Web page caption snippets

-*-*-

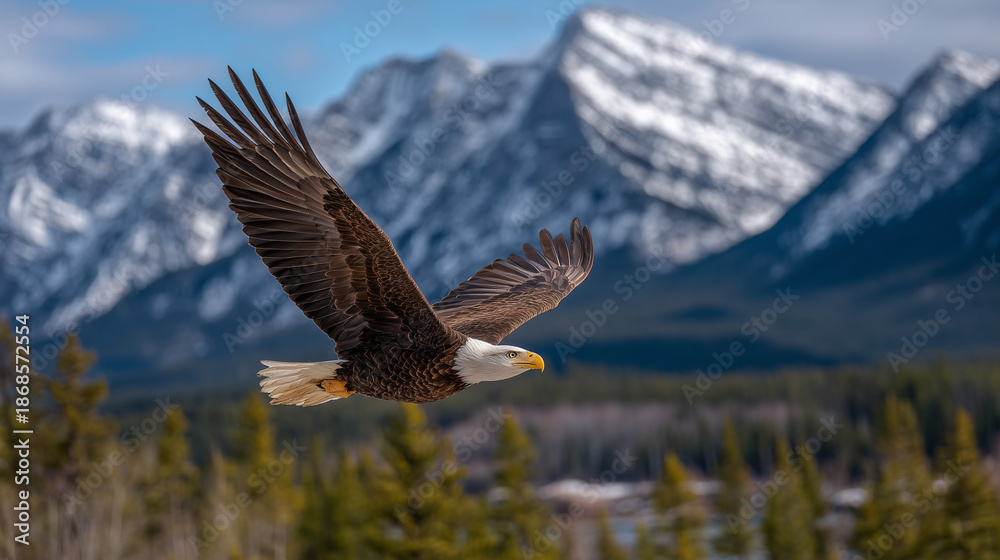 Obraz premium Bald eagle flying with wings spread wide over a forested landscape and snow-covered mountains.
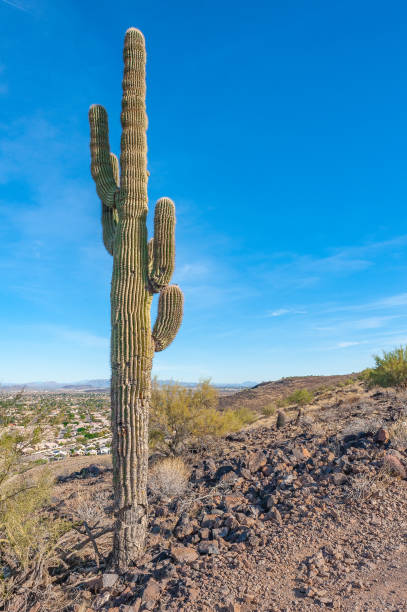 Seguaro Cactus in Arizona stock photo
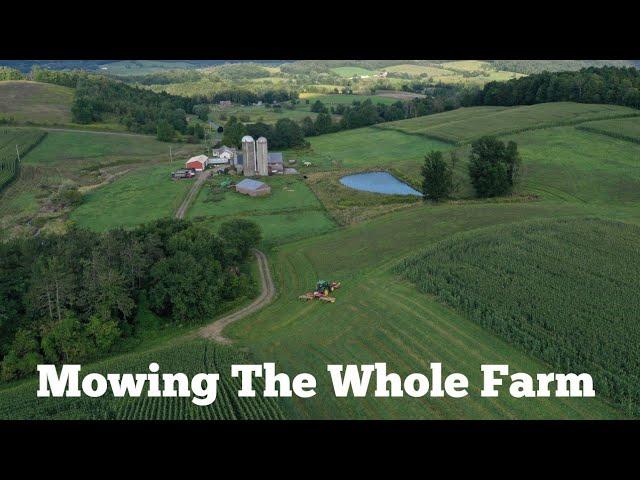 Mowing 2nd Cutting Dry Hay In Record Time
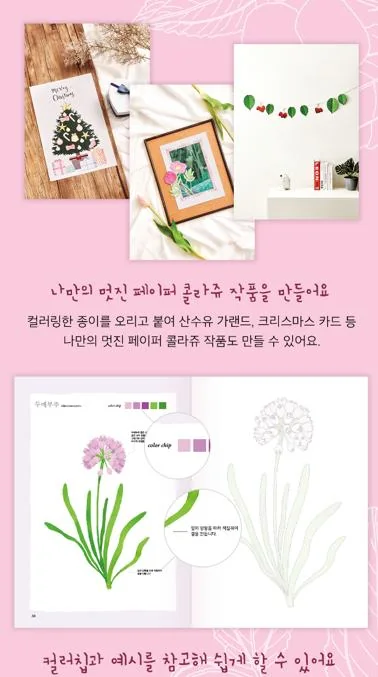 Plant Coloring & Collage Book (2022) · a published nature activity book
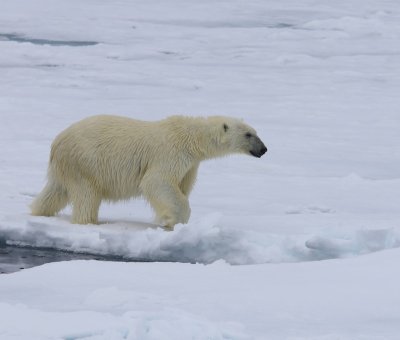 IJsbeer - Polar Bear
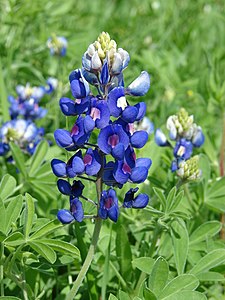 Lupinus texensis, by Loadmaster (David R. Tribble)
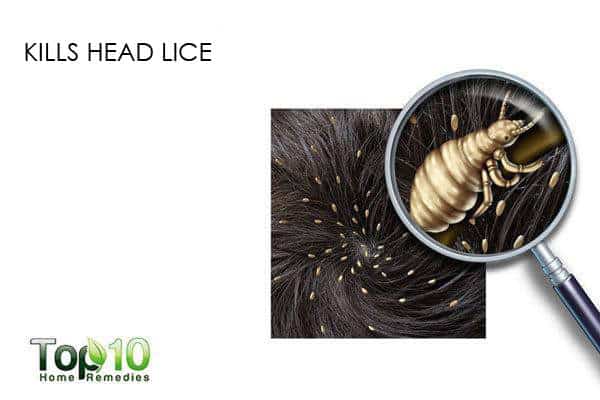 eucalyptus oil kills head lice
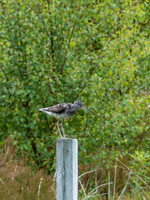 Greenshank (Tringa nebularia)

-*-*-

DIRECTIONS FOR THIS TASK:
Repeat the records above exactly, from the first line through the line that contains "IJsbeer - Polar Bear", and leave out the pictures.

RESPONSE TO THE TASK:
 Obraz premium Bald eagle flying with wings spread wide over a forested landscape and snow-covered mountains.
 Seguaro Cactus in Arizona stock photo
 Mowing 2nd Cutting Dry Hay In Record Time
 Plant Coloring & Collage Book (2022) · a published nature activity book
 IJsbeer - Polar Bear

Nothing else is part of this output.